World Heart Congress
College of Medicine University of Hail, Saudi Arabia
Title: Blood group antigen (ABO and Rh) distribution in Myocardial Infarction (MCI) patients of Hail region in Saudi Arabia
Biography: M.Parvaiz. Farshori
Introduction: According to WHO 2014 world health ranking survey Saudi Arabia ranks 27th in coronary heart disease (CHD) related deaths. According to the same survey CHD was also the leading cause of deaths in Saudi Arabia followed by stroke, influenza, diabetes, and the kidney disease (WHO, 2014 survey). Several studies have suggested relationship between inheritance of blood group antigens and certain diseases such as diabetes, cardio vascular disease and cancers. Although many studies have suggested an association between the blood groups and the cardiovascular diseases however results have been inconsistent. For example one study suggests an association between the O blood groups and the increased risks of coronary heart disease, while others show blood group A to be associated with an increased risk CHD.

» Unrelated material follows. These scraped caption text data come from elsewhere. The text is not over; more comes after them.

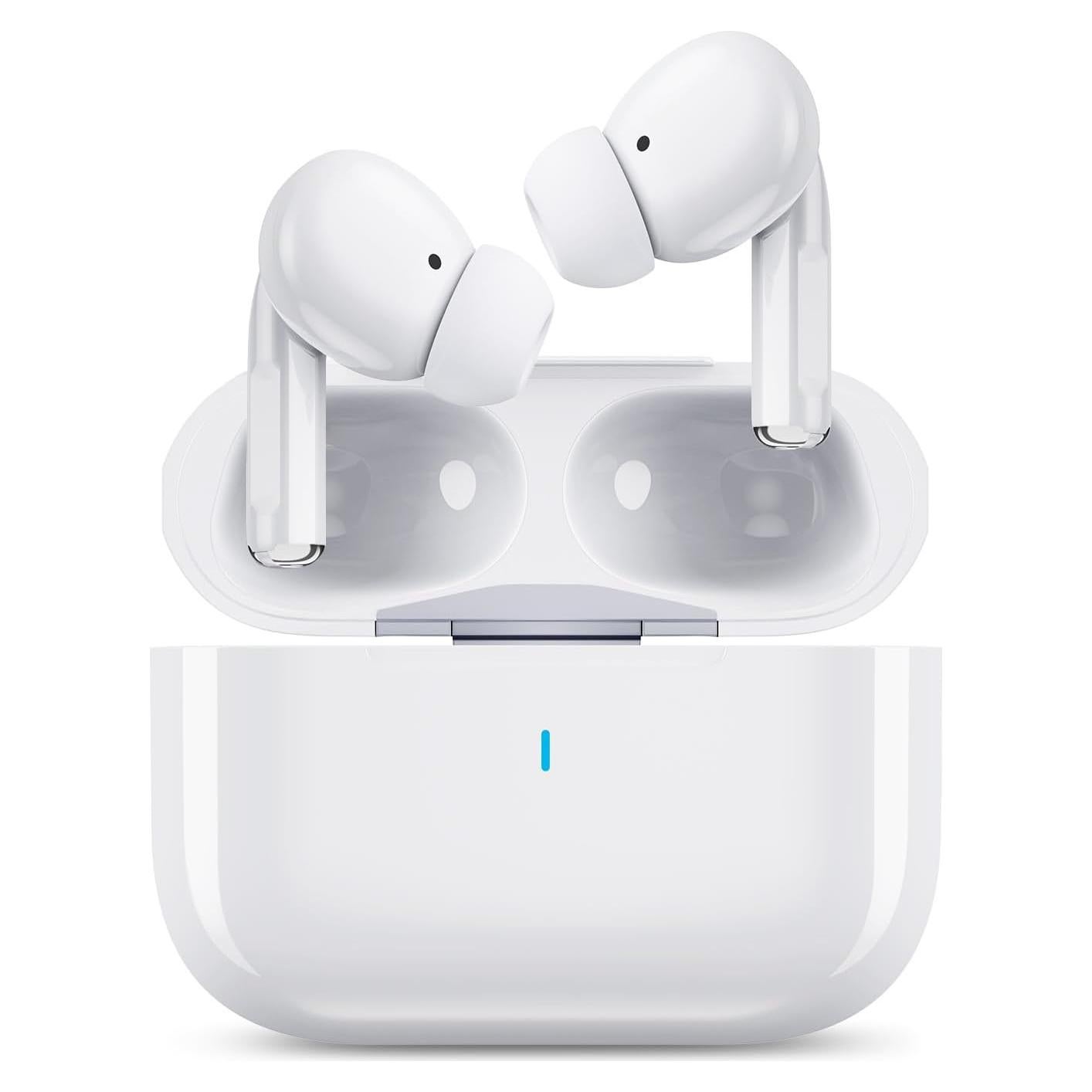 Auriculares Inalámbricos BLXSounds A6 Pro con Cancelación de Ruido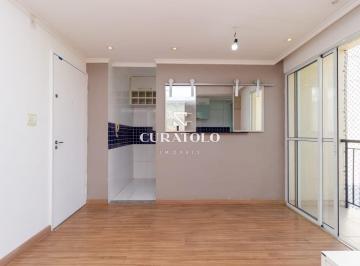 Apartamento · 46m² · 2 Quartos · 1 Vaga · Avanti Vida Vila Mendes - Apartamento à venda, de 2 quartos, varanda e 1 vaga no Parque São Lucas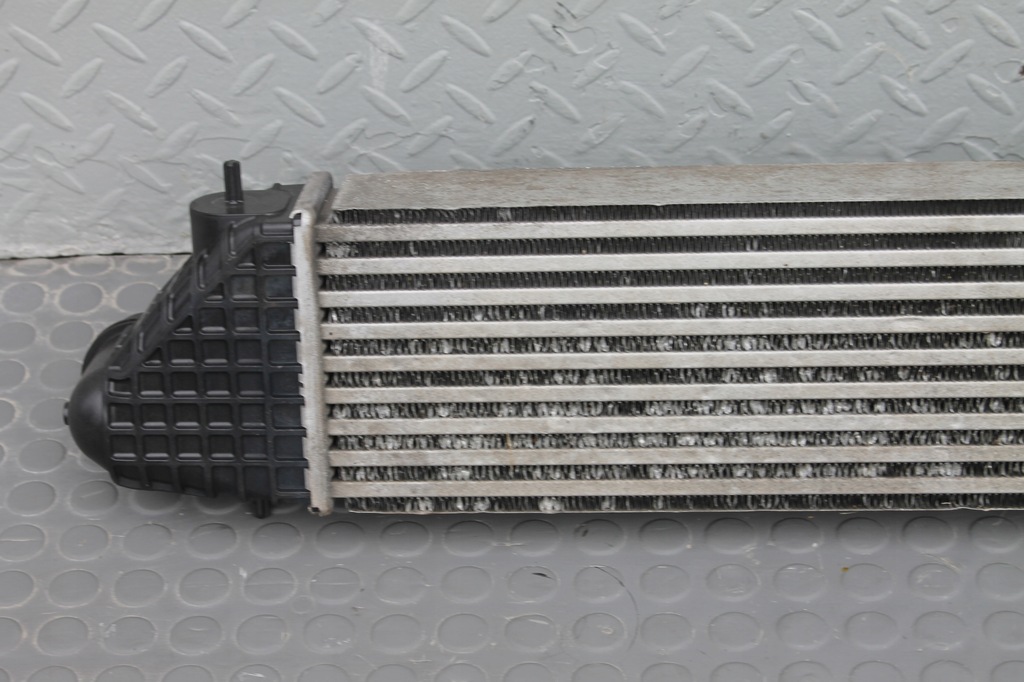 фото №5, Интеркулер радиатор воздуха outlander iii 2.2 di-d 12-18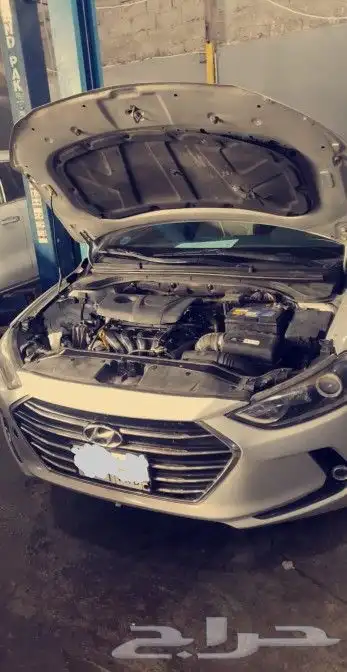 مكينة اتش ون H1 موديل 11 12 13 14 15 16 3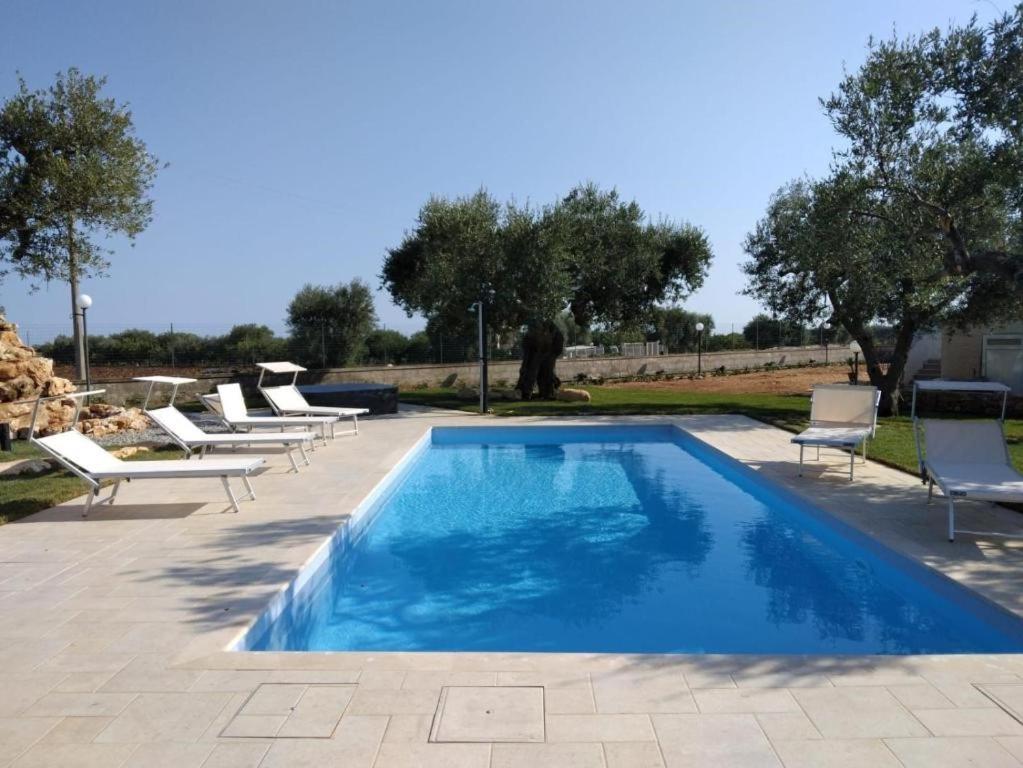 Three-Bedroom Villa photo 3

Aim: Since there are different studies with different conclusions about the association between CAD and the inheritance of AB and Rh (D) antigens, and since it is the leading cause of death in Saudi Arabia, we decided to perform a small study on 120 CHD patients who have had an acute myocardial infarction (MCI) in the recent past and were admitted to King Khaled Hospital (KKH) in Hail region of Saudi Arabia.
Materials & Methods: This study included 329 control and 111 male myocardial infarction patients enrolled at (KKH) Cardiology Department in Hail region of Saudi Arabia. On these patients’ ABO data was collected along with some other risk factors such as diabetes, smoking habits, age, gender, obesity and the family history of CAD. Data was statistically analysed using Z- test for two population proportions.
Results: Out of 329 control male population (age range 12-86, mean age 32.7 years), 3.35% were A- and 20.7% were A+, 3.95% were B- and 14.28% were B+, 2.43% were AB- and 8.2% were AB+, 8.5% were O- and 38.3% were O+. In comparison, when we analysed the blood group distribution among patients with myocardial infarction (age range 16-90, mean age 49.4 years), we found: Out of 111 male patients 0.9% were A- and 30.6% were A+, 1.8% were B- and 18.01% were B+, 0.9% were AB- and 6.3% were AB+, 0.9% were O- and 40.5.3% were O+.
Conclusions: As compared to control group A+ male patient show statistically high incidences of MCI and O- show significantly low incidences of MCI.